▸ **PROBLEM REQUIREMENTS**:
Give back the whole listing exactly, line by line.

▸ **DATA SHOWN**:
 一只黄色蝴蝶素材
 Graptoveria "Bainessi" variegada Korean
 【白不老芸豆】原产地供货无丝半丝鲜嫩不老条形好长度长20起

▸ **ANSWER SPACE**:
 一只黄色蝴蝶素材
 Graptoveria "Bainessi" variegada Korean
 【白不老芸豆】原产地供货无丝半丝鲜嫩不老条形好长度长20起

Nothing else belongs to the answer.